Captioned web image data:
-- -- --
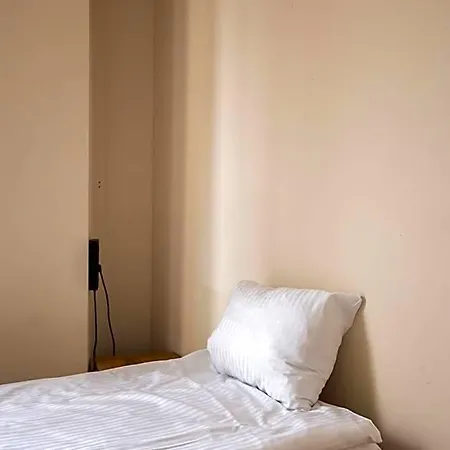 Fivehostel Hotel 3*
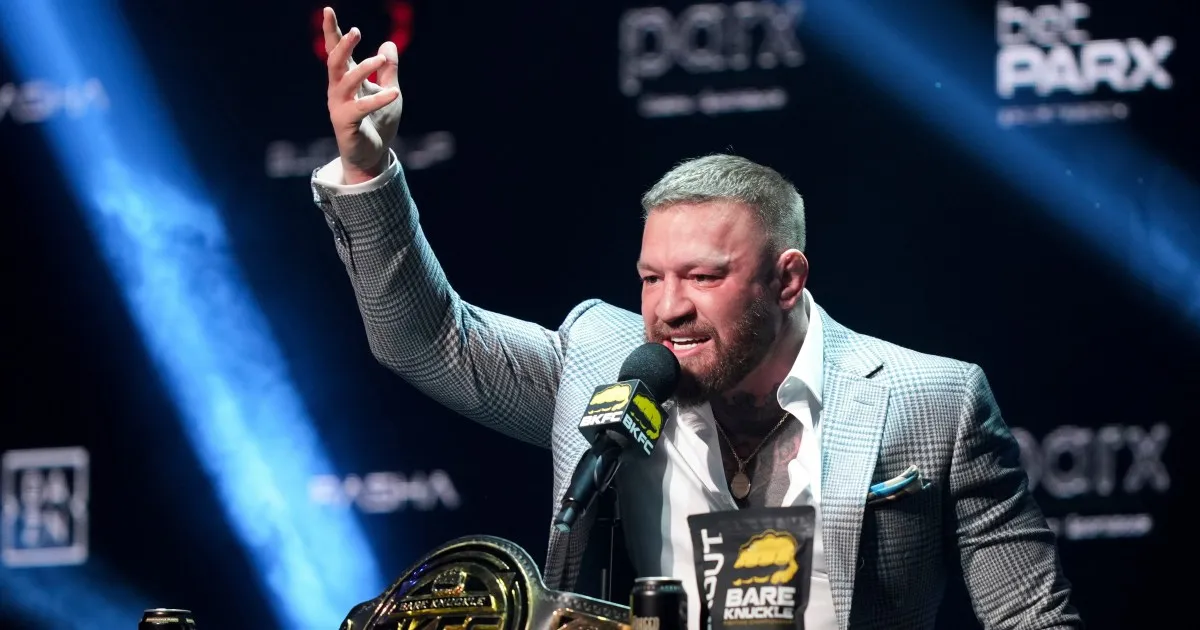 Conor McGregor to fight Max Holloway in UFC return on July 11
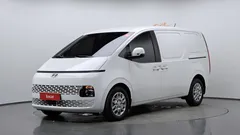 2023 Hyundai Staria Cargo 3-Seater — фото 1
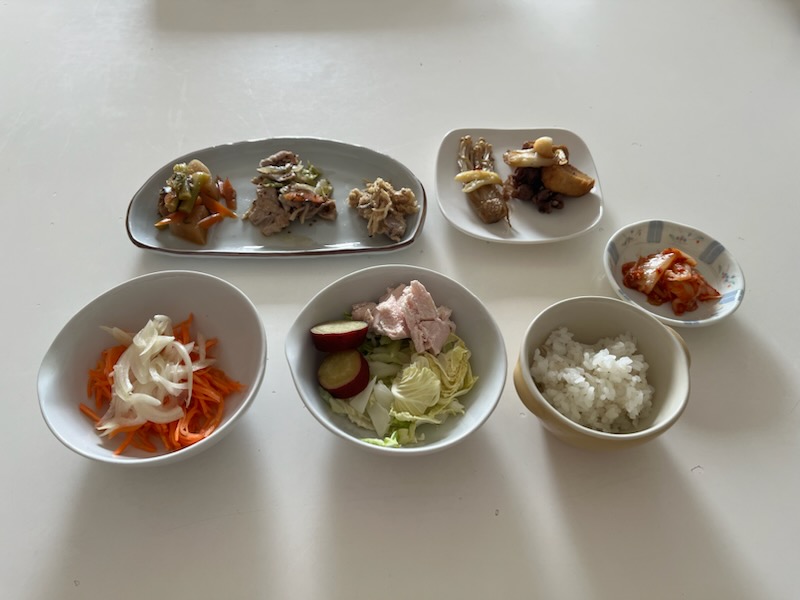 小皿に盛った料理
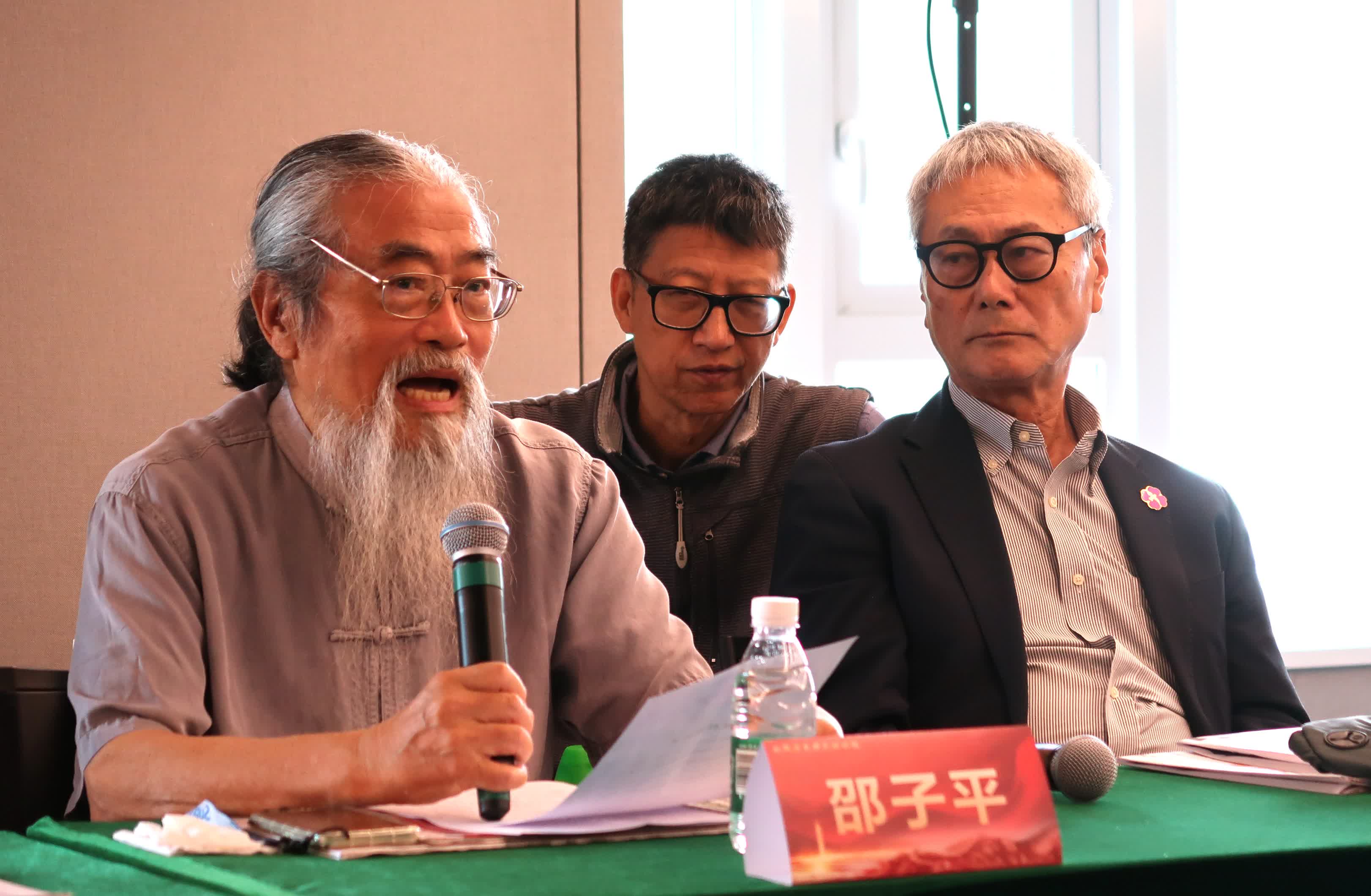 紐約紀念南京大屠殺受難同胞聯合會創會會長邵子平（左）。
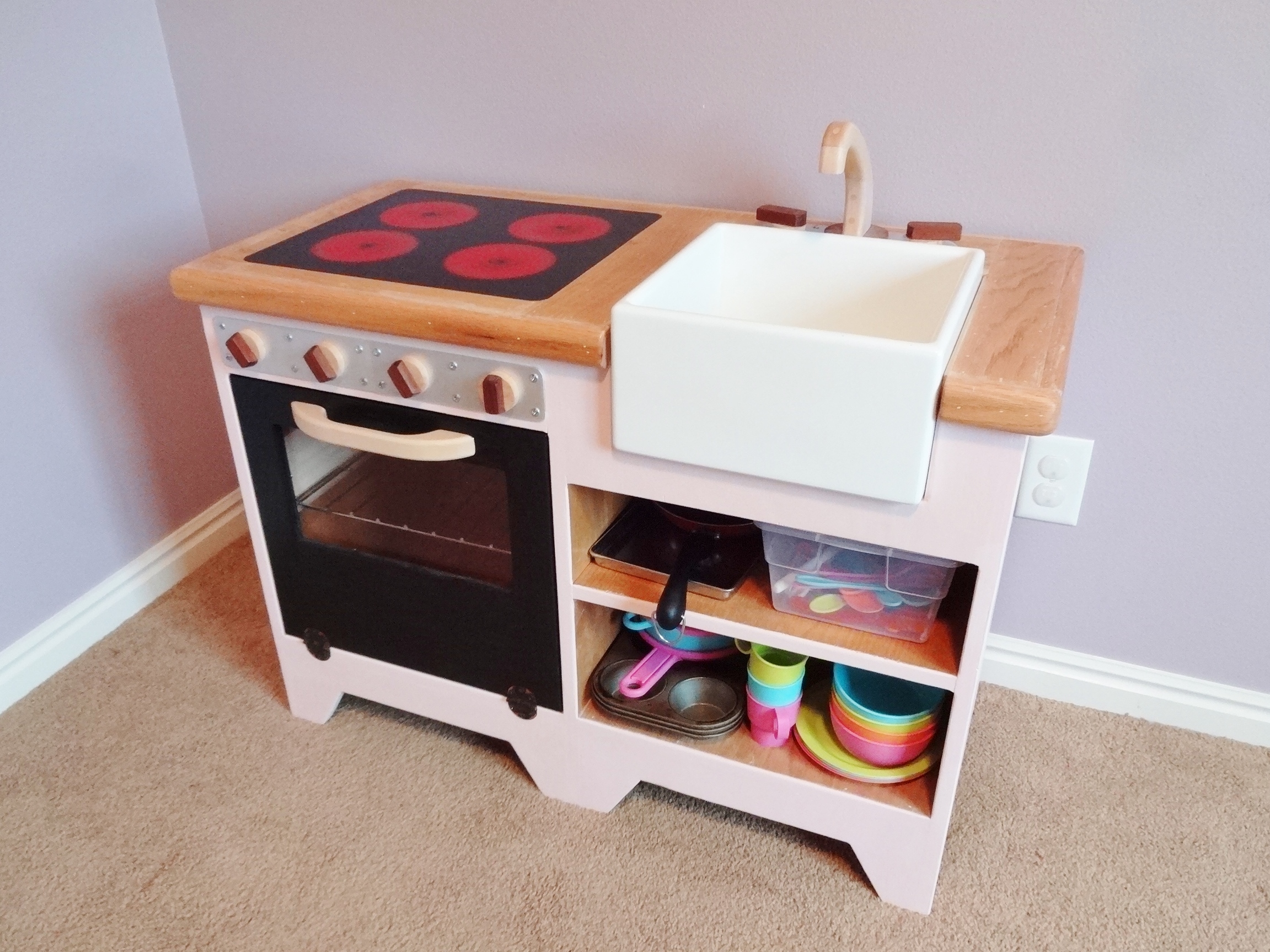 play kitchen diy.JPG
-- -- --
Return all the data above as written, leaving out only the pictures.

 Fivehostel Hotel 3*
 Conor McGregor to fight Max Holloway in UFC return on July 11
 2023 Hyundai Staria Cargo 3-Seater — фото 1
 小皿に盛った料理
 紐約紀念南京大屠殺受難同胞聯合會創會會長邵子平（左）。
 play kitchen diy.JPG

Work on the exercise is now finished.